## WORK ORDER:
Among the entries below, extract exactly the lines that run from the one with "xTool Glitter PET" through the one with "Propriete à vendre", both ends included.

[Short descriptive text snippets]
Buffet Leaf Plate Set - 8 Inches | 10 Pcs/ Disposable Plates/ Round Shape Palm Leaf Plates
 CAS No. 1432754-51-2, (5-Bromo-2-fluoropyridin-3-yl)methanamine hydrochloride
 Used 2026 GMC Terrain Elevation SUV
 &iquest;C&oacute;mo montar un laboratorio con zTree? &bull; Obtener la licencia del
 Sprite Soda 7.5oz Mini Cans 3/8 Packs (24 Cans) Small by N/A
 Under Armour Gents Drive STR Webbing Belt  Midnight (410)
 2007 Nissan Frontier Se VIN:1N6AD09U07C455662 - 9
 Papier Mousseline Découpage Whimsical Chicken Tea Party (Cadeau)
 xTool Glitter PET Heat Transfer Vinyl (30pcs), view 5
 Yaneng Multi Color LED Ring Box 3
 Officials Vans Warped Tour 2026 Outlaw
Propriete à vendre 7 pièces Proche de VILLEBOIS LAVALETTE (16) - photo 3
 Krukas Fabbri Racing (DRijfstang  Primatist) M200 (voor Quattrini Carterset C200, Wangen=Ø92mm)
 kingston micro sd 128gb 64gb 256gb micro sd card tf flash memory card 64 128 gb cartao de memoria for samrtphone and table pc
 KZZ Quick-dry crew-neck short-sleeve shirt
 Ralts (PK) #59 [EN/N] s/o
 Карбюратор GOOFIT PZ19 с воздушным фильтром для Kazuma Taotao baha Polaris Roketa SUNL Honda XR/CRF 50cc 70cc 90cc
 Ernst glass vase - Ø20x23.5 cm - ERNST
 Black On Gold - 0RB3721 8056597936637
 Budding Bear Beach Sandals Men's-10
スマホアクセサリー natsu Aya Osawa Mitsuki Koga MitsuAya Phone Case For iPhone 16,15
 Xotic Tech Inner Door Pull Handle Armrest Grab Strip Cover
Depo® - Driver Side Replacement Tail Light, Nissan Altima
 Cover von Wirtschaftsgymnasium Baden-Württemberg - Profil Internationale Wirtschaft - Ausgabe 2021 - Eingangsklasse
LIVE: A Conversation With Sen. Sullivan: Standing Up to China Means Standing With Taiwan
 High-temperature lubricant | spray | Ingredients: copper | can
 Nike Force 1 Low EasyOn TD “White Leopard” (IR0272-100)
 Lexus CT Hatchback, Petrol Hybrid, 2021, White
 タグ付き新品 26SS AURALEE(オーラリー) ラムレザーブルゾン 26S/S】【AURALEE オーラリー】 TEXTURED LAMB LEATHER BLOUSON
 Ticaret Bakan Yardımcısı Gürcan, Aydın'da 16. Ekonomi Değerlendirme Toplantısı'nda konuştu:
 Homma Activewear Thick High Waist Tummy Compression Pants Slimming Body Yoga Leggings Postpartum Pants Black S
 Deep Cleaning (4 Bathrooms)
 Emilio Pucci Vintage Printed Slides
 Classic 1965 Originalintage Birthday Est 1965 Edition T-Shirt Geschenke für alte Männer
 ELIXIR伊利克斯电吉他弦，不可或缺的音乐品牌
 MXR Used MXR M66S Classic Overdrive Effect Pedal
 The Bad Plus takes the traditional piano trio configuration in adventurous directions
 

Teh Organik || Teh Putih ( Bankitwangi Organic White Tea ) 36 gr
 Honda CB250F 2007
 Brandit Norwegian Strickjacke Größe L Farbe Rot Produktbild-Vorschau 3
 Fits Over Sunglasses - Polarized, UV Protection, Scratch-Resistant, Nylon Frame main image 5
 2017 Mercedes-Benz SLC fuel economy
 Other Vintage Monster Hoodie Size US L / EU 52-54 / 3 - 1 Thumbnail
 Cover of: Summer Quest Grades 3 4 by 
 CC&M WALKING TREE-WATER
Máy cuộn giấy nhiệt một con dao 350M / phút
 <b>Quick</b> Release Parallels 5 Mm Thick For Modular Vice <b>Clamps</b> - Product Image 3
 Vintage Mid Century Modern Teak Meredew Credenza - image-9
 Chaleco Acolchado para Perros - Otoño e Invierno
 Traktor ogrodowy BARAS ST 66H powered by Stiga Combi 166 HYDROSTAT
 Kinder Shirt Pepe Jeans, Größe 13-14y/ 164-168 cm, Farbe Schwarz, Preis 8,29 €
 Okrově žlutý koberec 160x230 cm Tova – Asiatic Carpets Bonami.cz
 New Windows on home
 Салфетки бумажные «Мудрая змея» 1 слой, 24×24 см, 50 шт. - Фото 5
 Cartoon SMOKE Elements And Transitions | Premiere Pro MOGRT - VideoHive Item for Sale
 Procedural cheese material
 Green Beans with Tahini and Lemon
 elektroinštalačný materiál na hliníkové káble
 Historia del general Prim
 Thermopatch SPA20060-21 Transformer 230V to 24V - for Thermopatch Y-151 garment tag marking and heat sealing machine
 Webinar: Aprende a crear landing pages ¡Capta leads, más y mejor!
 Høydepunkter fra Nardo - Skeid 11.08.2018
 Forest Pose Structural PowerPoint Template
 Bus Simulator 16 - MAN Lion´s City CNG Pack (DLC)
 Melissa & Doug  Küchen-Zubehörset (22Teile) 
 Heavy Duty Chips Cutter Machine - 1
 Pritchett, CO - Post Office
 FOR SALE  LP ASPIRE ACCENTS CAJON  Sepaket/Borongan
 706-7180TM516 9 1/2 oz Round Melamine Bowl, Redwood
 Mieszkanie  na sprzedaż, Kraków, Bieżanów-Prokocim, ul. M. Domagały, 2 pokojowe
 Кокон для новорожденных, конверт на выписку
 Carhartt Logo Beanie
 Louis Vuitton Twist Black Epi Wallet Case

## SOLVED PROBLEM:
 xTool Glitter PET Heat Transfer Vinyl (30pcs), view 5
 Yaneng Multi Color LED Ring Box 3
 Officials Vans Warped Tour 2026 Outlaw
Propriete à vendre 7 pièces Proche de VILLEBOIS LAVALETTE (16) - photo 3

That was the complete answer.